● EXERCISE
Your output should be the lines below from the one with "Conceptual caption Plan" through the one with "blue wool long-sleeve", copied exactly, pictures excluded.

● INFORMATION PROVIDED
——

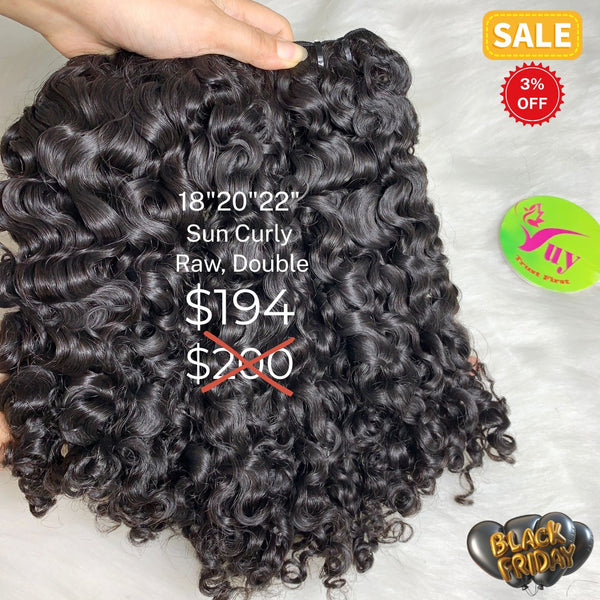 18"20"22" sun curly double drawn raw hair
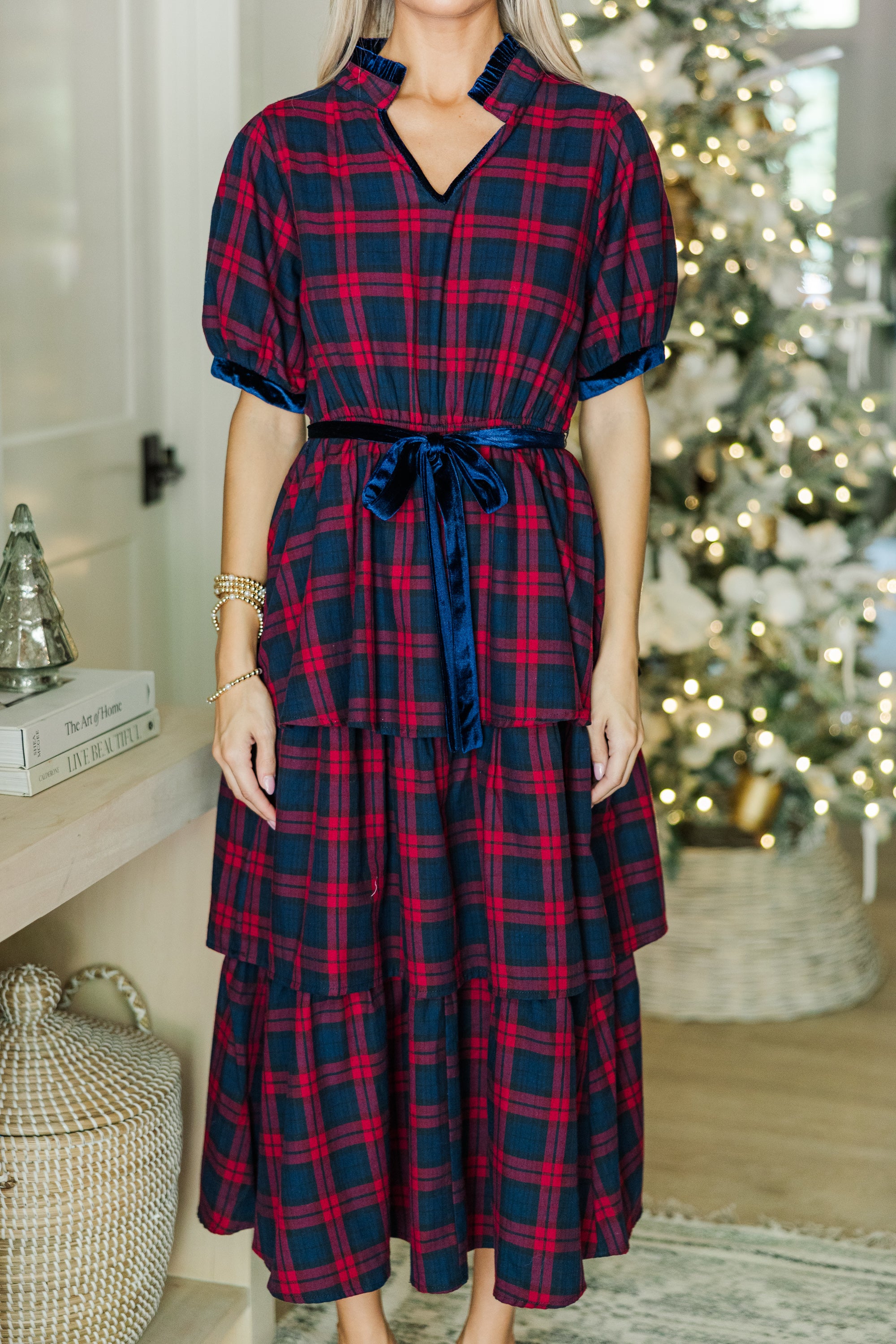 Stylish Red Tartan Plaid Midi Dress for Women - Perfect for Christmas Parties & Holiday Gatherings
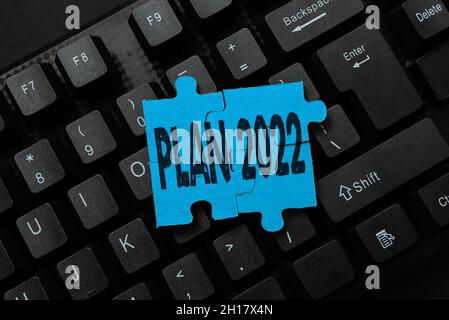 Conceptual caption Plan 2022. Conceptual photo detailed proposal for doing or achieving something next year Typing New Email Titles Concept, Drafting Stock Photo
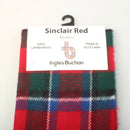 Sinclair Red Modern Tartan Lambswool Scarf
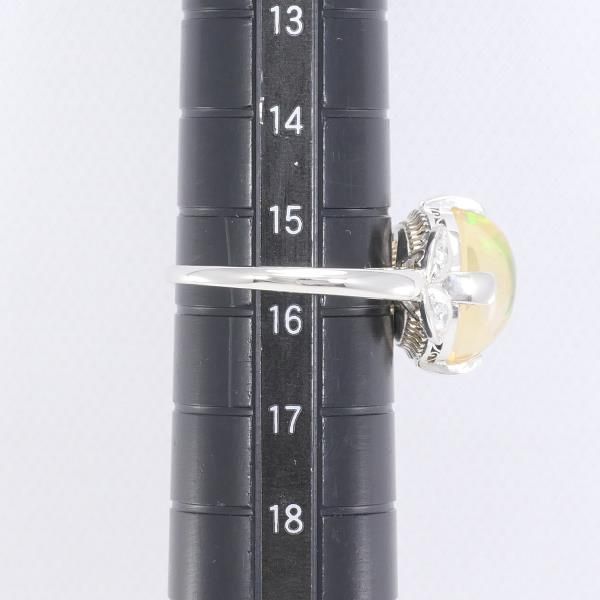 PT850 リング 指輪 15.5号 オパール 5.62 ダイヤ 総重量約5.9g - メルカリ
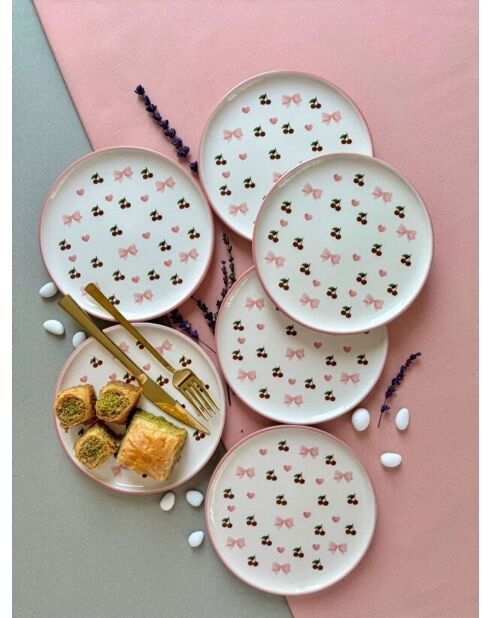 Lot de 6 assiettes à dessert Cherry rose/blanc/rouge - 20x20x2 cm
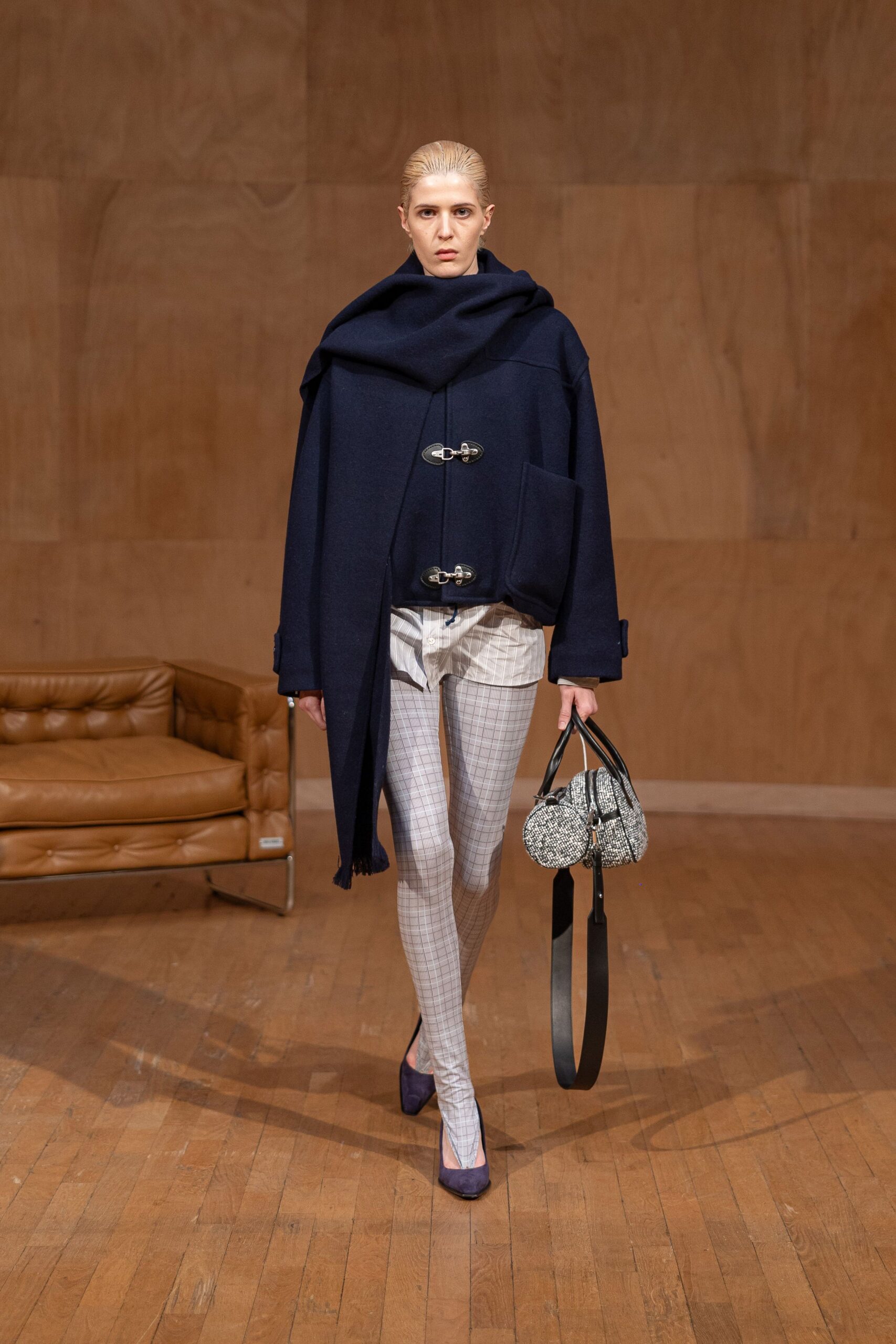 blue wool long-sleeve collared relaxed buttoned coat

——

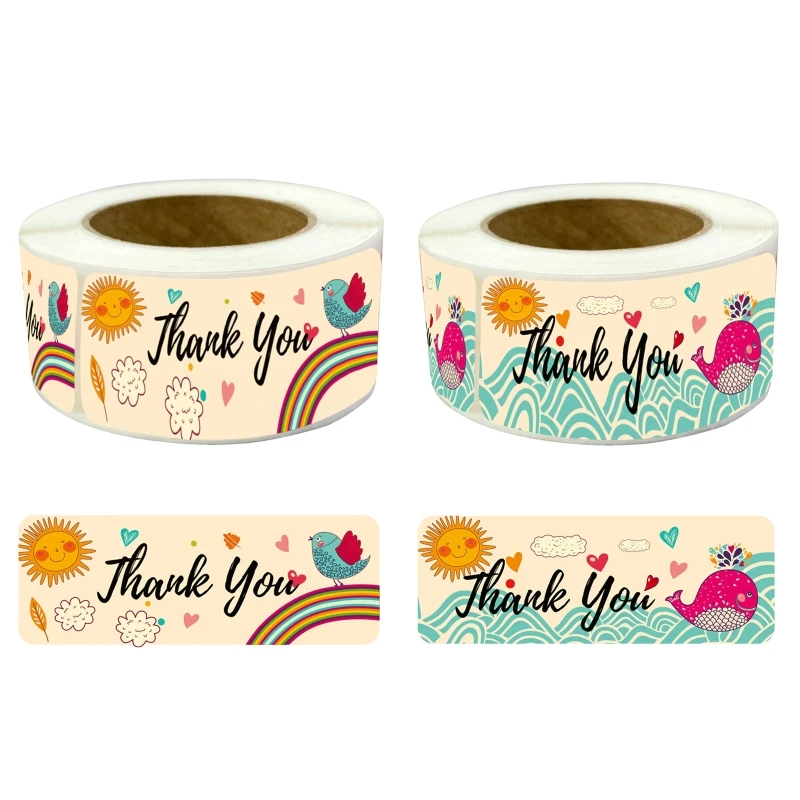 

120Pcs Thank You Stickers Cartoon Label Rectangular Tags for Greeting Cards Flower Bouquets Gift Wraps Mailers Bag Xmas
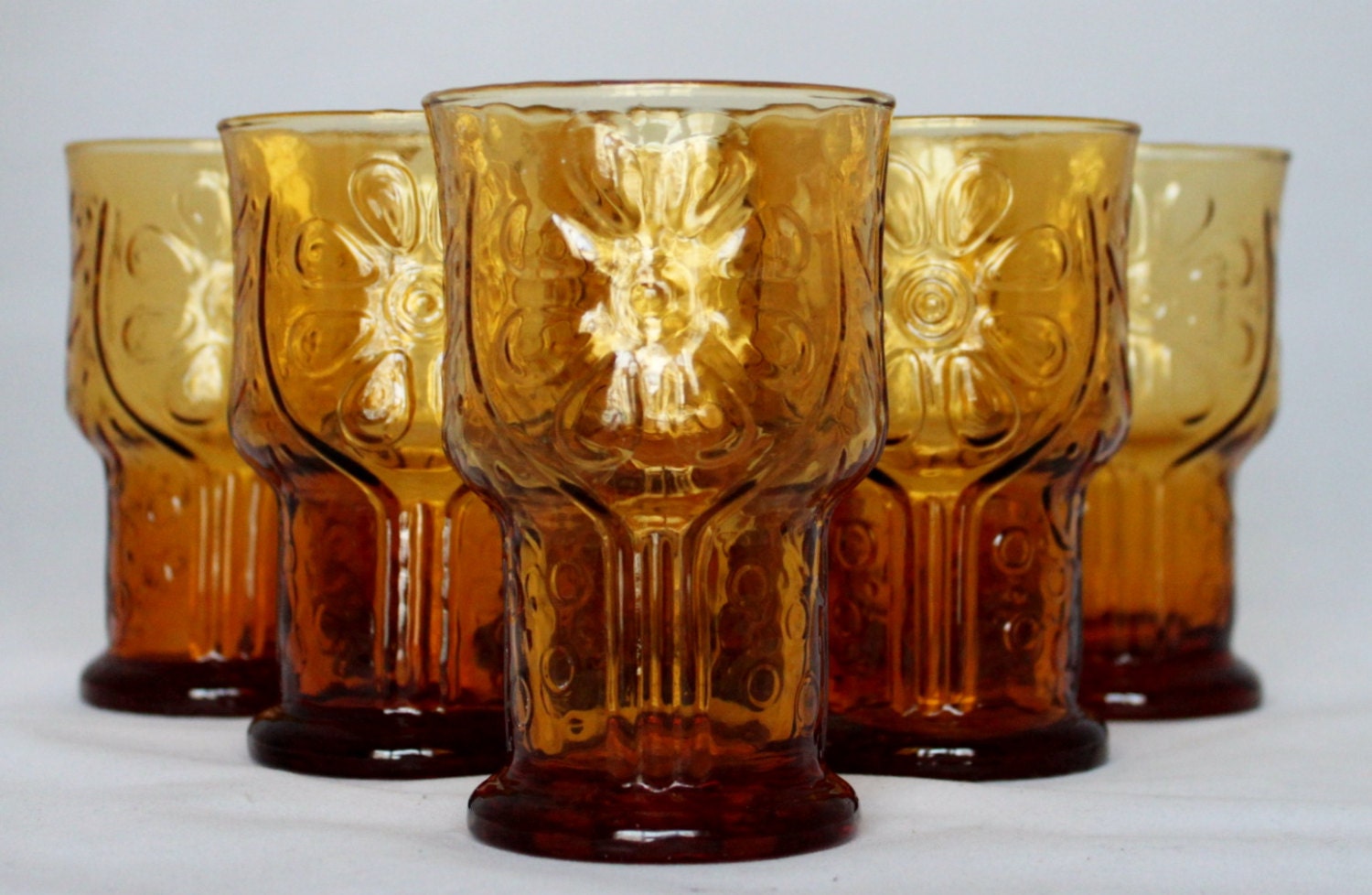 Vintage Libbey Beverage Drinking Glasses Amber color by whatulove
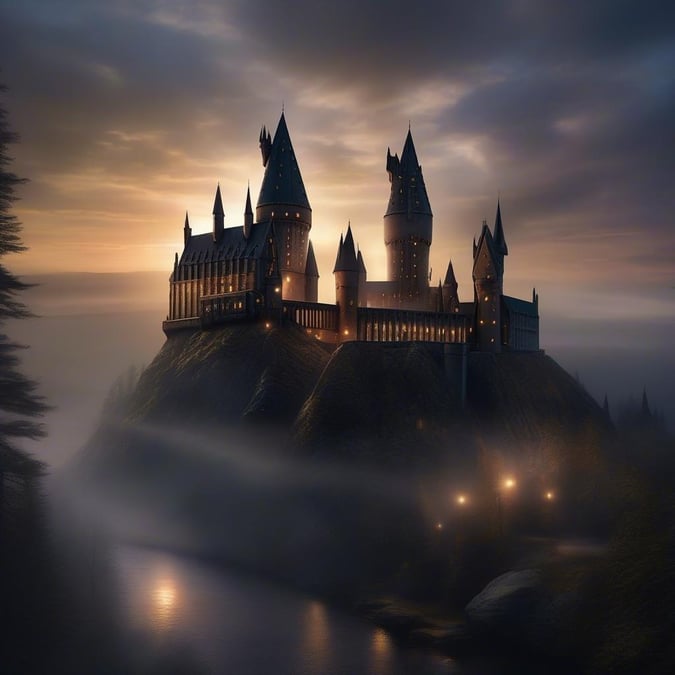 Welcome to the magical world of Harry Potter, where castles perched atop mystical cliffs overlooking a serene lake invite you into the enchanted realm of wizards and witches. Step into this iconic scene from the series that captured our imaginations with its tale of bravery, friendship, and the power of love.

——

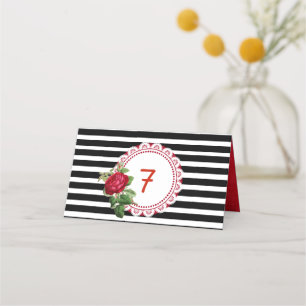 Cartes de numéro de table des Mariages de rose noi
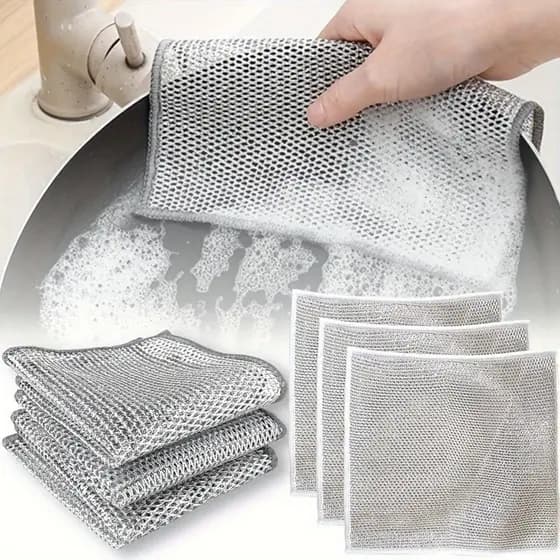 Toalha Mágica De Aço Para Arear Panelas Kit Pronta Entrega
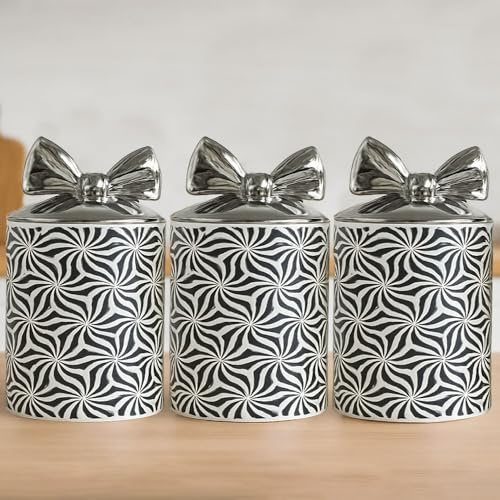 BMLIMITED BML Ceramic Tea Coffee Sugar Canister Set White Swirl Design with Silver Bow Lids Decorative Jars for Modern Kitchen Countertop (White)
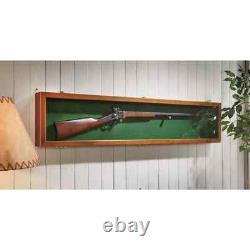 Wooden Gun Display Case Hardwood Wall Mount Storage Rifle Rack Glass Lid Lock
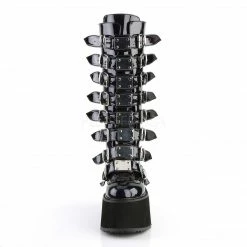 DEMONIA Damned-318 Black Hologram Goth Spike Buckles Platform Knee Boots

——

● FINISHED EXERCISE
 Conceptual caption Plan 2022. Conceptual photo detailed proposal for doing or achieving something next year Typing New Email Titles Concept, Drafting Stock Photo
 Sinclair Red Modern Tartan Lambswool Scarf
 PT850 リング 指輪 15.5号 オパール 5.62 ダイヤ 総重量約5.9g - メルカリ
 Lot de 6 assiettes à dessert Cherry rose/blanc/rouge - 20x20x2 cm
 blue wool long-sleeve collared relaxed buttoned coat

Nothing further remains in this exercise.